Today's GUI are the same, except with additional software and hardware that have sped up and improved the process, and performance of these GUIs.
The fundamental mapping of bits e.g. 10101010 to pixels is dependent on the display hardware, but at a simplistic level, you would provide a display buffer in memory and simply populate it's bytes with the display data.

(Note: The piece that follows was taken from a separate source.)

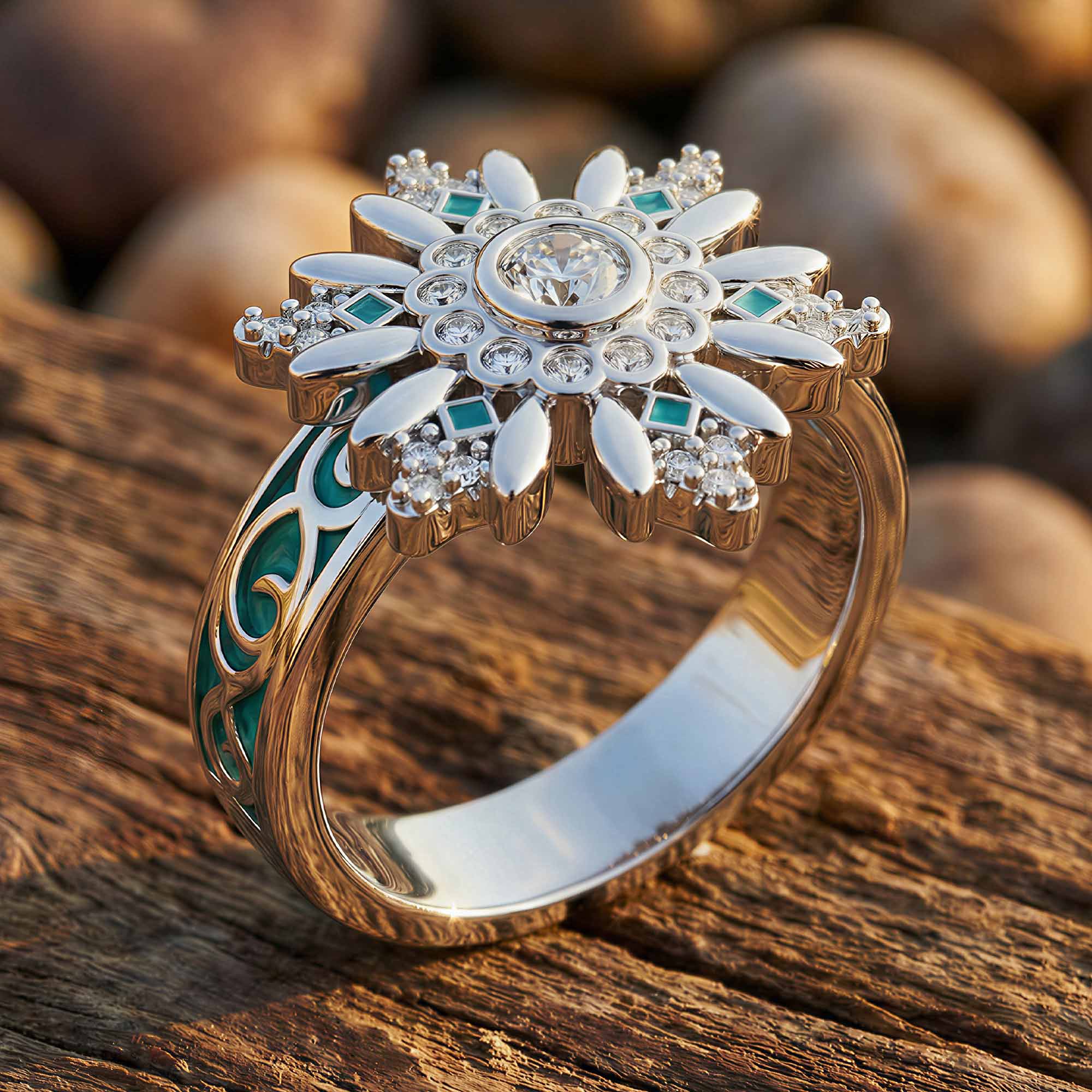 Snowbound Mystery Ring - Moissanite 3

So for a basic monochrome bitmap, you'd draw it by providing bits that represented the shape you want to draw, you can either position these bits, like this, a simple 8x8pix button.
01111110
10000001
10000001
10111101
10111101
10000001
10000001
01111110
Which you can see easier if I render it with # and SPACE instead of 1 and 0.
######
# #
# #
# #### #
# #### #
# #
# #
######
Which as a bitmap image would look like this : http://i.stack.imgur.com/i7lVQ.png (I know it's a bit small :) but this is the sort of scale we would've begun at, when GUI's were first developed.)
If you had a more complex (e.g. 24 bit color display, you'd provide each pixel using a 24bit number.)
Obviously some bitmaps cannot be drawn manually (for example the border of a window), like we've done above, this is where geometry comes in handy, and we can use simple functions to determine the pixel values required to draw a rectangle, or any other simple shape, and then build from there.
Once you are able to draw graphics in this way on a display, you then hook a drawing loop onto a system interrupt to keep the display up to date (you redraw the display very often, depending on your system performance.) This way you can make it handle interaction from user devices, e.g. a mouse.
Back in the early days, even before Xerox Parc / Alto there were a number of early computer systems which had Vector based displays, these would make up an image by drawing lines on a CRT representation of a cartesian plane. However, these displays never saw mainstream use, except perhaps in some early video games, like Asteroids and Tempest.
You probably need a graphics library such as, for example, OpenGL.
For direct hardware interaction, you probably need to do something like assembly, which is completely computer specific.
If you are willing to look through a lot of source code, you might look at Mesa 3D, an open source implementation of the OpenGL specification.